The Mozilla Foundation has released a new report that aims to help people understand what’s at risk and what they can do in the sphere of internet and emerging technologies.

Titled “The Internet Health Report”, Mozilla Foundation says that it is an open source project to document and explain what’s happening to this valuable public resource. The report focuses on a number of areas including open inclusion, digital inclusion, decentralization, privacy and security and more.

Focusing on decentralization, the report talks about a scenario where banking systems, social networks and public organizations are completely autonomous, transparent and without individual ownership.

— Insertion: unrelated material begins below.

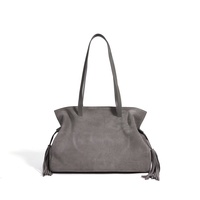 Sac fourre-tout en cuir suédé véritable pour femme avec pompon décoratif, sac à main de shopping en suédé de vache véritable pour femme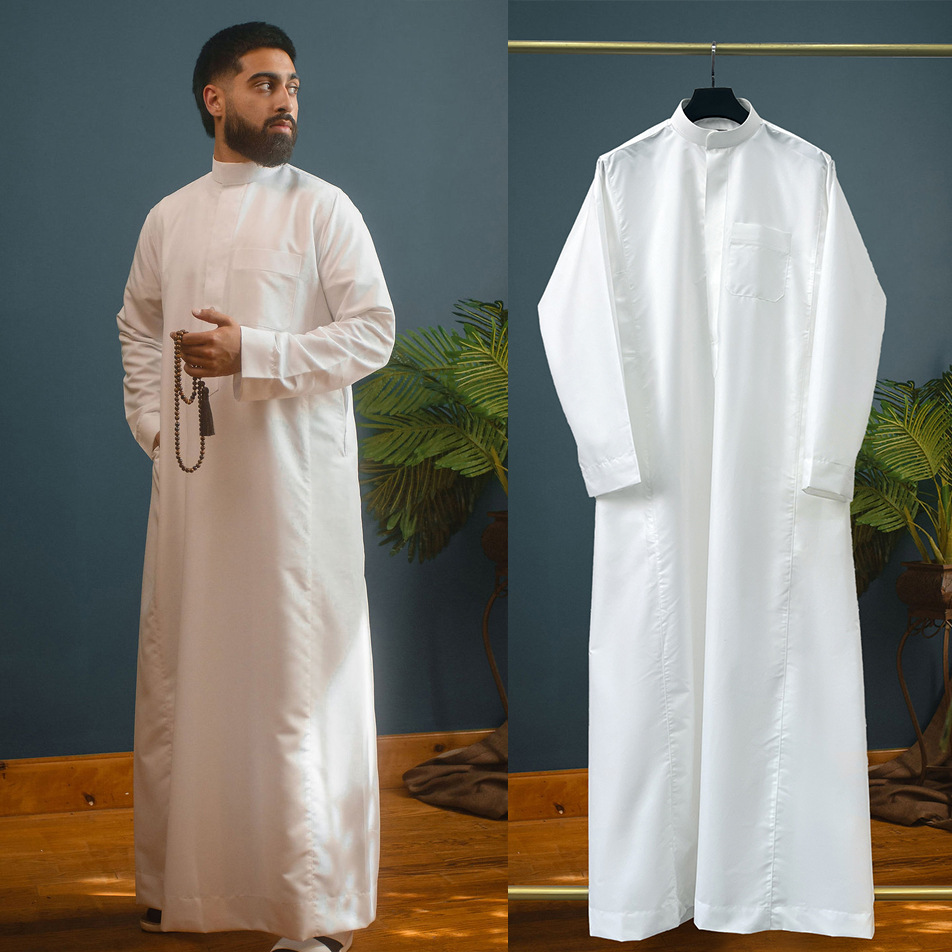 Dubai Men'S Fashion - Muslim Men Jubba Thobe Zipper Kimono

To that end, it said that this is the reason that is driving new generation of software developers to build broader applications for bitcoin’s underlying blockchain technology.

“Technologically, a new generation of software developers are dreaming up applications that build and reward decentralization. An example is peer-to-peer computer networks that employ “blockchains” –– the stuff that powers the cryptocurrency Bitcoin – for transactions of money, goods and services. And maybe someday, an Internet that doesn’t require Web servers”, the report said.

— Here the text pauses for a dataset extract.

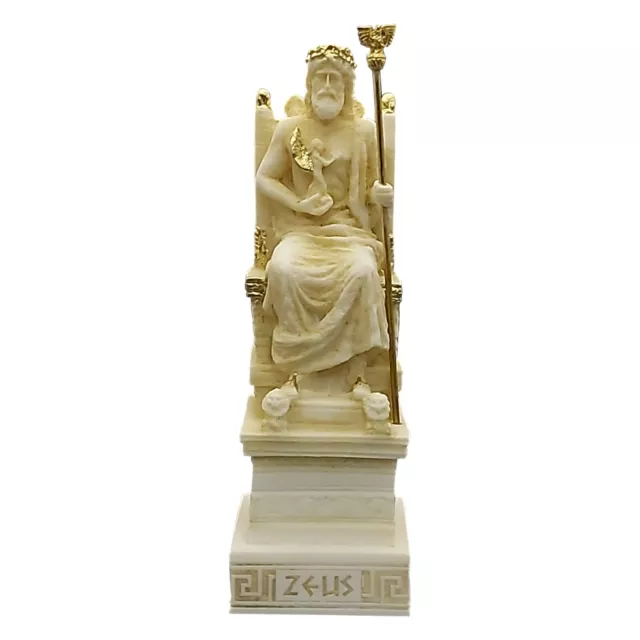 King of gods ZEUS JUPITER on Throne Greek Roman Statue Figure Sculpture Decor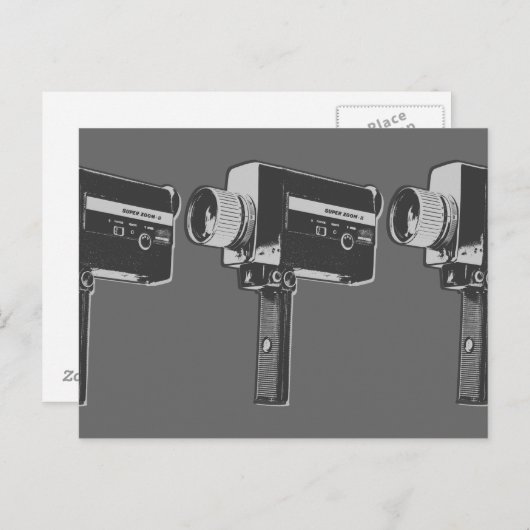 Carte Postale Caméra vidéo Pop Art Super 8 (Devant / Derrière)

It describes blockchains as databases on peer-to-peer computer networks made of time-stamped entries called “blocks” that are encrypted and unchangeable, and describe transactions such as money transfers. No one person or system holds the entire ledger of transactions, and no one can falsify a transaction, because everyone in the network helps validate and run the database.

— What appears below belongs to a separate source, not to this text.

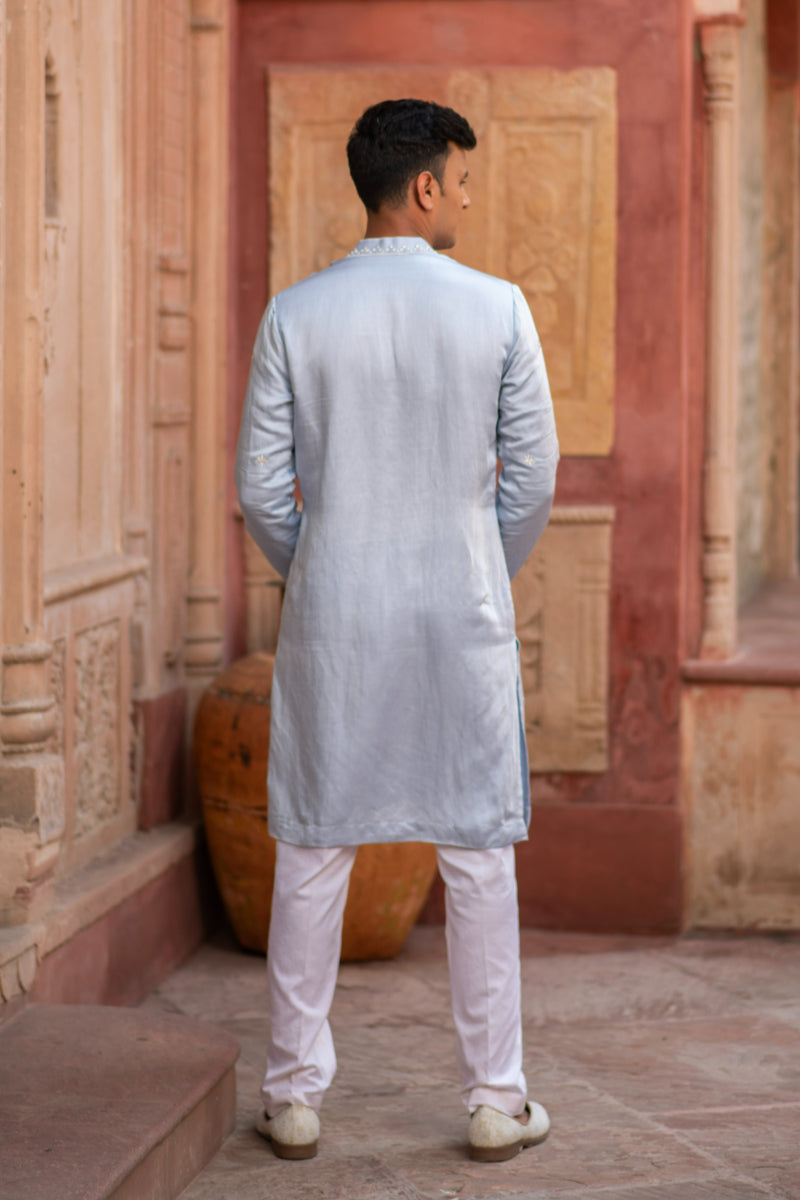 POWDER BLOUSE SATIN LINEN KURTA PANTS SET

“In short: ownership is decentralized, and security is bolstered”, it said.

The report also notes Vitalik Buterin’s project – Ethereum – which was launched in 2015. Ethereum created the cryptocurrency, “ether”, which is now the second-most valuable after Bitcoin, and also facilitates the development of decentralized applications (dapps) that can be used for all kinds of automated transactions between people, or even objects, without an intermediary. These transactions are carried out by “smart contracts” that execute commands according to rules that are written and disseminated on the Ethereum blockchain.

“Decentralized applications could one day be a challenge to the concentration of information online, for the sake of “a more globally accessible, more free and more trustworthy Internet,” as the Ethereum Foundation describes their own mission”, it added.